Ortaklığın Giderilmesi Davasında Muhdesatın Aidiyeti; örneğin dava konusu taşınmazda bulunan bina, ağaç, tesis gibi bütünleyici parçalar üzerinde mülkiyetin kime ait olduğu hususu ortaklar arasında tartışma konusu ise, bu durumda ayrı bir dava açılması gerekmektedir. Bu davalara muhdesatın aidiyetinin tespiti davası denilmektedir.
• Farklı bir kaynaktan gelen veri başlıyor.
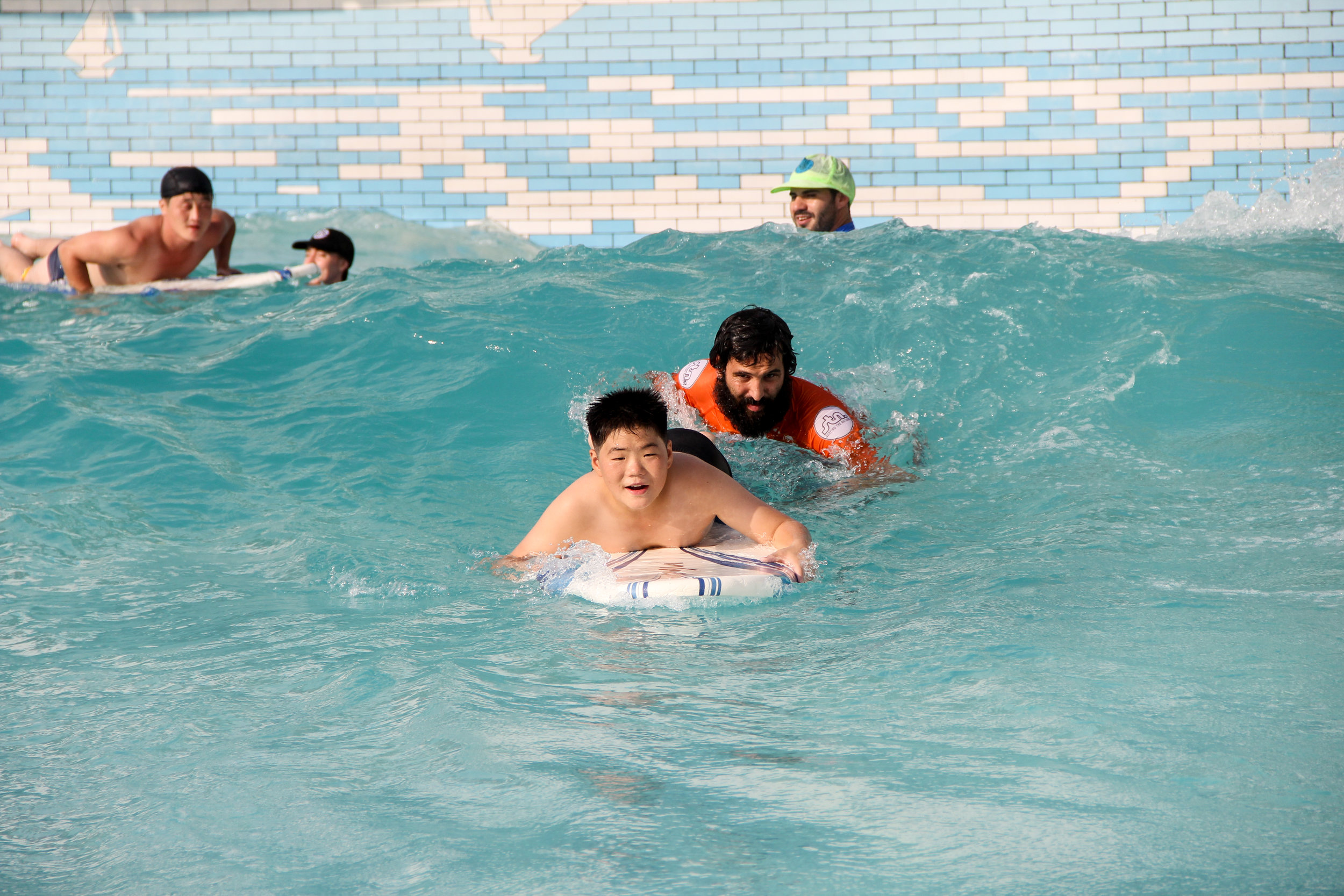  Pyongyang is home to one of the worlds biggest waterparks. It has a small man mad wave pool. We get to share surfing with literally hundreds of locals each year.&nbsp; 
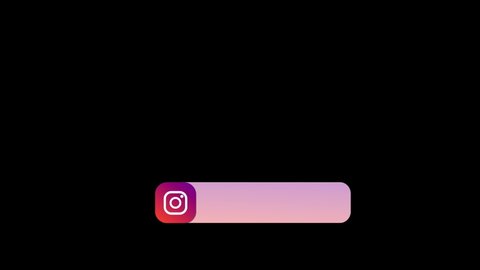 Editorial animation. Instagram logo icon with lower thirds appears then disappears at black background. Lower third border this is ready place for your text.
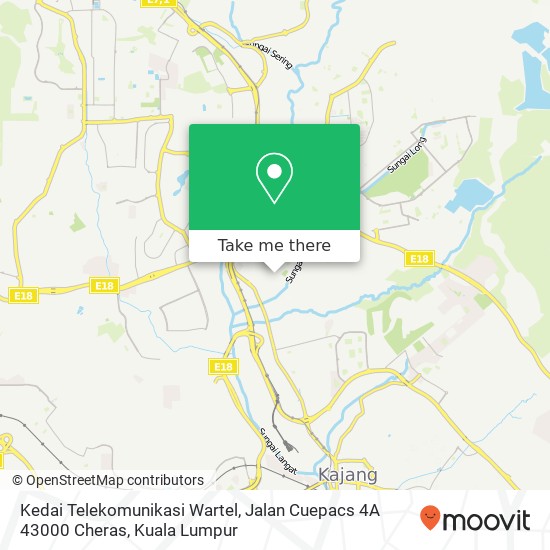 Peta Kedai Telekomunikasi Wartel, Jalan Cuepacs 4A 43000 Cheras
Bu davanın açılması halinde, izale-i şuyu davası yargılamasında, muhdesatın aidiyetinin tespiti davasının sonuçlanması bekletici mesele yapılır.
Yargıtay 14. Hukuk Dairesi’nin 2021/398 K. Sayılı ilamında; “Paydaşlığın (ortaklığın) satış suretiyle giderilmesine ilişkin davalarda taşınmaz üzerinde bulunan bina, ağaç v.s. gibi bütünleyici parçaların (muhdesat) kime ait olduğu konusunda uyuşmazlık olup da bunlar üzerinde bazı paydaşların (ortaklar) hak iddia etmeleri ve öncelikle bu uyuşmazlığın giderilmesini istemeleri halinde o paydaşa görevli mahkemede dava açmak üzere HMK’nın 165. maddesi uyarınca uygun bir süre verilmelidir. Mahkemece verilen süre içerisinde dava açıldığı takdirde sonucunun beklenmesi, açılmadığı takdirde o konuda uyuşmazlık yokmuş gibi davaya devam edilmesi gerekir” şeklinde belirtilmiştir.